O documentário, por óbvio, também teve o intuito de resgatar a história da Construtora Andrade Gutierrez, que pertence à família da cineasta. Uma tentativa mal sucedida de afastar a construtora dos escombros dos escândalos de corrupção dos governos petistas, incursão na Lava Jato, etc.

Empurrando-se a esquerda para um lado e a direita para outro, ambas comumente exaltadas, o cerne da discussão deve cingir-se ao óbvio: a fragilidade da narrativa da cineasta petista arranhou a história. Omitiu fatos, camuflou outros, deturpou o caminho da verdade política.

Nas entrelinhas, o documentário deixa entender que Dona Dilma Rousseff caiu porque não concordou com os banqueiros. Lorota. O ministro da Fazenda de Dilma, Joaquim Levy, foi indicado pela presidência do Bradesco. Quadro abalizado do banco, Levy fazia parte da superintendência da instituição.

Em nenhum momento a cineasta petista diz que o vice Michel Temer foi criteriosamente engendrado por Lula da Silva para compor a chapa presidencial de Dilma Rousseff por duas vezes seguidas. Logo, farinha do mesmo saco. Lula o empurrou goela abaixo de Dilma, porque Temer fazia parte das estratégias nem sempre confessáveis do ex-presidente.

Outro equívoco da cineasta: os movimentos que tomaram as ruas foram minimizados, de sorte que o documentário deu a entender que a sociedade estava satisfeita com o governo Dilma e que sua queda deu-se unicamente em razão de um golpe adrede estudado para tomada do poder, um complô da direita.
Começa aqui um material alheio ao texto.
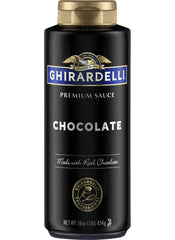 Ghirardelli Black Label ice cream topping drizzle photo.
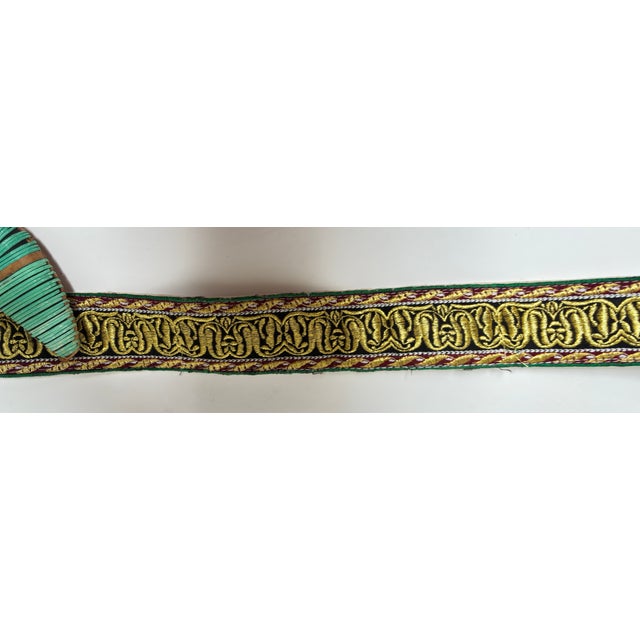 Vintage Mid Century Yemeni Jambiya Dagger With Bone-Mounted Scabbard With Belt For Sale - Image 13 of 14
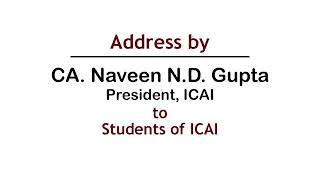 ICAI President Message to CA Student #ICAI #CASTUDENT #CAFINAL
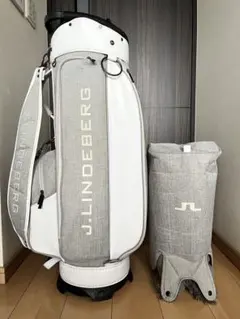 ジェイリンドバーグJLINDEBERGコラボ キャディバッグ スタンド型ホワイト 楽天市場】J.LINDEBERG ゴルフ スタンド式 キャディバッグ 9型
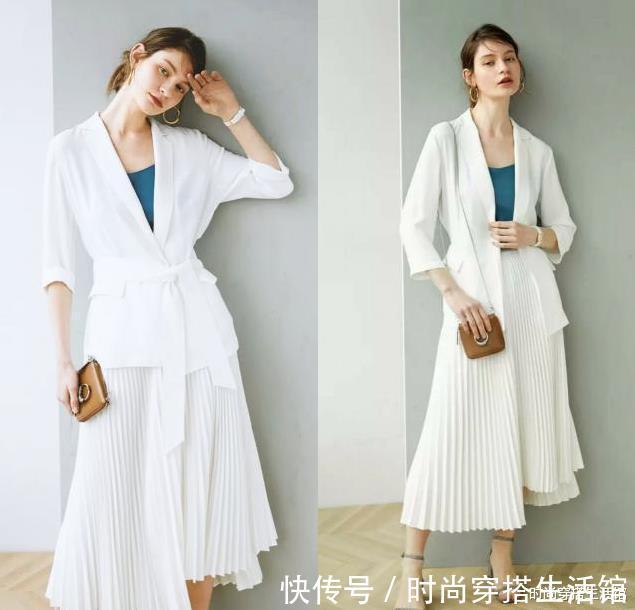 百褶裙|百褶裙怎么搭配好看？这样穿既时髦又有气质
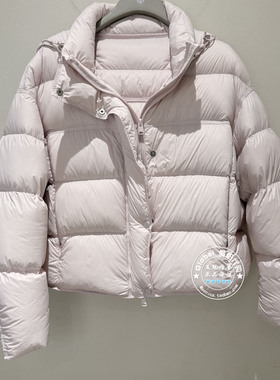 NUTS女装国内代购 2025冬 纯色连帽简约休闲短款羽绒服6410949A1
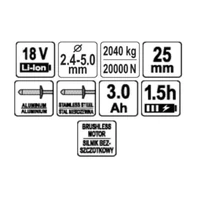 Заклепочник YATO YT-829557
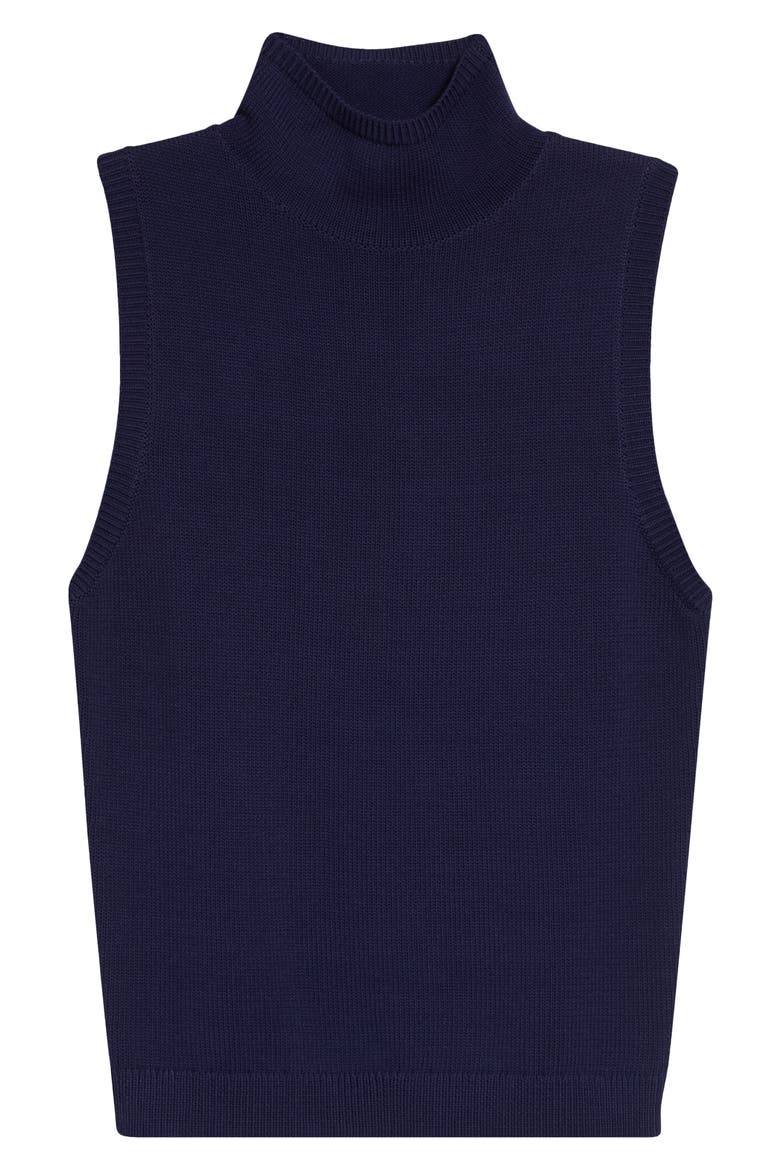 Montclair Turtleneck Sweater Vest, Main, color, MIDNIGHT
O documentário omitiu, certamente de propósito, que o processo jurídico-político do impeachment foi presidido pelo ministro petista do Supremo Tribunal Federal, Enrique Ricardo Lewandowiski, que rasgou o mandamento constitucional segundo o qual o presidente afastado fica inelegível por oito anos.

Lewandowiski construiu às escondidas, com o PT, uma tese esdrúxula e criou um precedente: permitiu que dona Dilma Rousseff perdesse o mandato, por vontade do Congresso Nacional, mas não perdesse o direito de disputar eleições. Isto não está na Constituição da República.

Assim, Dilma disputou uma vaga ao Senado Federal por Minas Gerais em 2018, mas os espertos mineiros não a conduziram à casa legislativa tal como queria Lewandowiski.

Lewandowiski e o PT ficaram com cara de galo. Os mineiros disseram não.

O documentário estendeu as razões do impeachment à ascensão do presidente Jair Bolsonaro ao poder. Outra ingenuidade. A vitória de Bolsonaro nas urnas de 2018 foi consequência do fragilizado período petista.

Democracia em vertigem nada acrescenta à história democrática do Brasil.

Um aprendiz de cineasta teria feito melhor, com uma vantagem: contado a verdade, sem distorções à esquerda.

O fato é que o documentário recheado de críticas da direita e elogiado pela esquerda não levou o Oscar.

Mas o nome do Brasil estava lá. Pena que a cineasta o tenha apequenado.